HISTORICALLY, October has been the month for big financial busts. But this year, October could come early.

Investors and ordinary citizens have good reason to worry about a perfect economic storm: a deepening loss of confidence in the dollar leading to higher interest rates; the higher rates bringing a crashing end to a hedge-fund, private equity, and merger binge that has depended heavily on cheap borrowed money; the boom in bait-and-switch mortgages ending in a morning-after of rising defaults and sinking housing values; inflationary pressures in food, oil, and other commodities leading to still higher interest rates -- all unsettling stock and credit markets and putting a new squeeze on consumers borrowed to the hilt.

The historical parallels aren't comforting. In the years 1971-73, the United States devalued the dollar and went off the gold standard. Oil exporting countries, compensating for a weaker dollar and angry at US support for Israel, hiked the price of oil. This set in motion a decade-long period of stagflation -- high inflation, tight money, sluggish growth, shaky banks.

If anything, the United States is more vulnerable today. In that era, America enjoyed a net inflow of earnings from global investments, ran a trade surplus, and lent far more than it borrowed. As tourists of the 1960s appreciated, visiting Europe on a pittance of $5 a day (in 2007, $5 buys coffee), the dollar was way overvalued relative to Europe's play-money currencies and overdue for a correction.

But today, our trade deficit is more than 6 percent of gross domestic product, and we borrow heavily to finance both private capital needs and government debt. Until lately, optimists insisted that cheap foreign debt-financing would continue indefinitely and prop up the dollar, because it was in China's interest to keep underwriting American purchases of its ever-expanding exports.

But, swollen with dollars, China is behaving more like an activist investor. The Chinese government's investment arm has begun buying not just debt but real assets, including 9.9 percent of the private equity fund Blackstone and a big chunk of Barclays bank. We can't count on China -- or anyone else -- funding America's burgeoning foreign debt at bargain rates indefinitely.

If the dollar slide turns into a crash, the Federal Reserve would face the unhappy choice of either hiking interest rates to raise foreign confidence in the dollar (thus deepening domestic recession) or letting the dollar sink further and increasing imported inflation.......

http://www.boston.com/news/globe/editorial_opinion/oped/articles/2007/07/30/the_crash_that_could_come/

touchring
30th July 2007, 07:55 PM
This is how i see it.
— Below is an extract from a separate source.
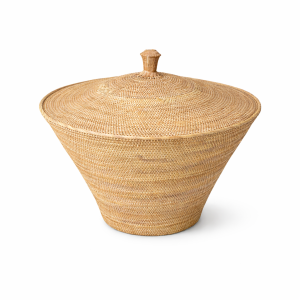 Χειροποίητο καλάθι αποθήκευσης με καπάκι, κατασκευασμένο από φυσικό rattan υψηλής ποιότητας. Ο κομψός κωνικός σχεδιασμός και η φυσική του απόχρωση το καθιστούν ιδανική επιλογή για κάθε σύγχρονο ή boho χώρο. Το ψάθινο καλάθι με καπάκι προσφέρει πρακτική λύση αποθήκευσης για κουβέρτες, ρούχα, παιχνίδια ή αντικείμενα καθημερινής χρήσης, διατηρώντας τον χώρο οργανωμένο και καλαίσθητο. Το καπάκι προστατεύει το περιεχόμενο από σκόνη και προσφέρει καθαρή, τακτοποιημένη εικόνα. Ιδανικό για σαλόνι, υπνοδωμάτιο ή μπάνιο, αποτελεί ταυτόχρονα διακοσμητικό καλάθι και λειτουργικό αξεσουάρ εσωτερικού χώρου.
American real estate is a goner - the question is not if, but when the mortgage bonds and CDOs will all announce they are zero.

Even if they don't collapse this month, every month that goes by, it will become more and more severe. If they do collapse, the Feds will have to lower rates, and so the dollar will collapse.
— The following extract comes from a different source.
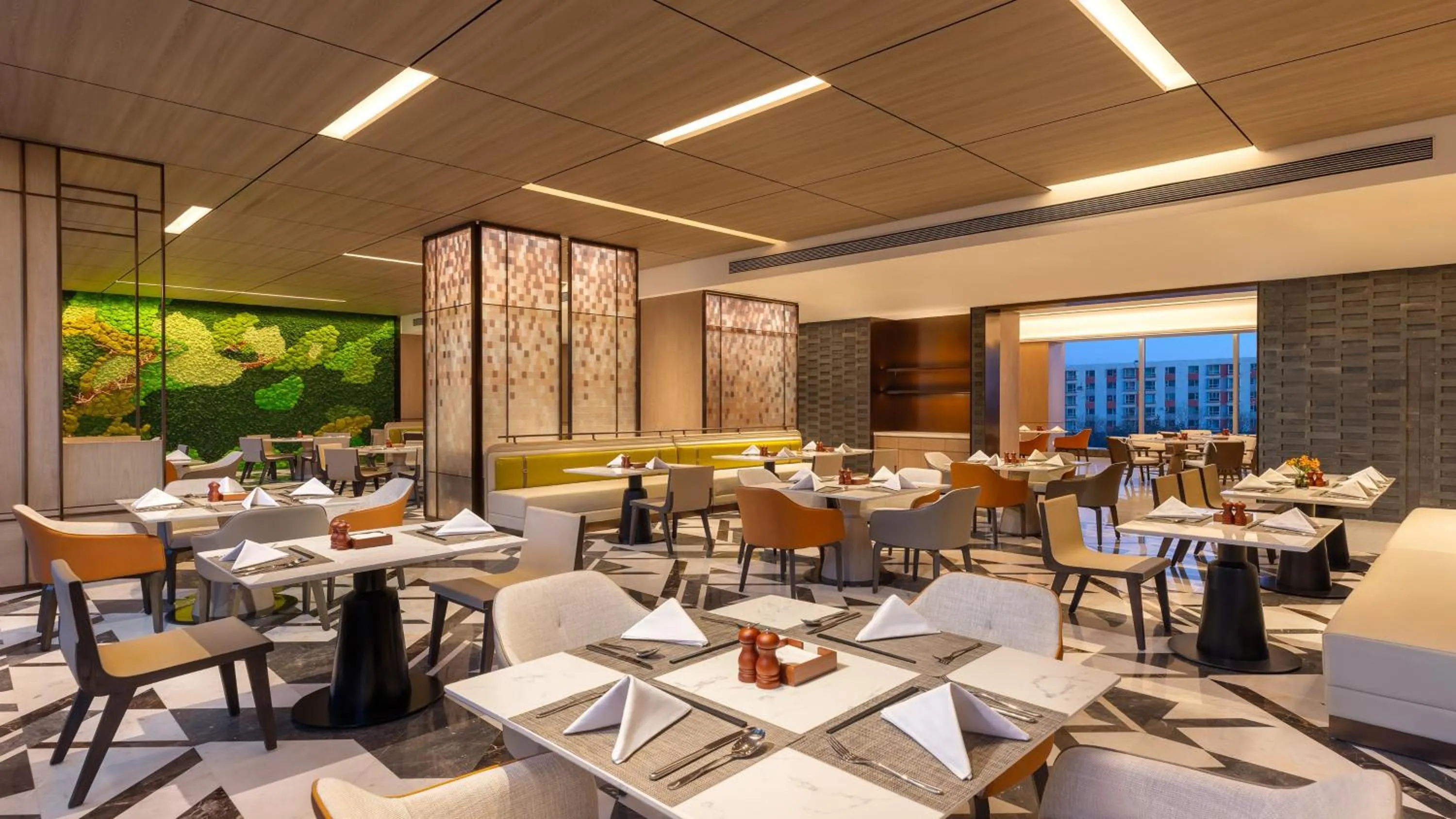 Breakfast in Holiday Inn Datong, an IHG Hotel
So unless there is some law that prevents foreclosure ... and soak up the supply of homes.

xxbossmanxx
30th July 2007, 08:04 PM
It's not that bad. Houses in my neighborhood sell for 700k, an all time high. I work for a land company and times are better than ever with them.
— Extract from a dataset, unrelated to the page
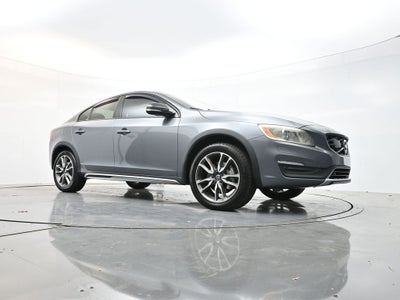 2017 Volvo S60 Cross Country T5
There is a lot of room to wiggle when you are this big. Besides, us fat ass americans cant stop consuming lol, it's the driving force behind the economy.

touchring
30th July 2007, 08:14 PM
It's not that bad. Houses in my neighborhood sell for 700k, an all time high. I work for a land company and times are better than ever with them.

There is a lot of room to wiggle when you are this big. Besides, us fat ass americans cant stop consuming lol, it's the driving force behind the economy.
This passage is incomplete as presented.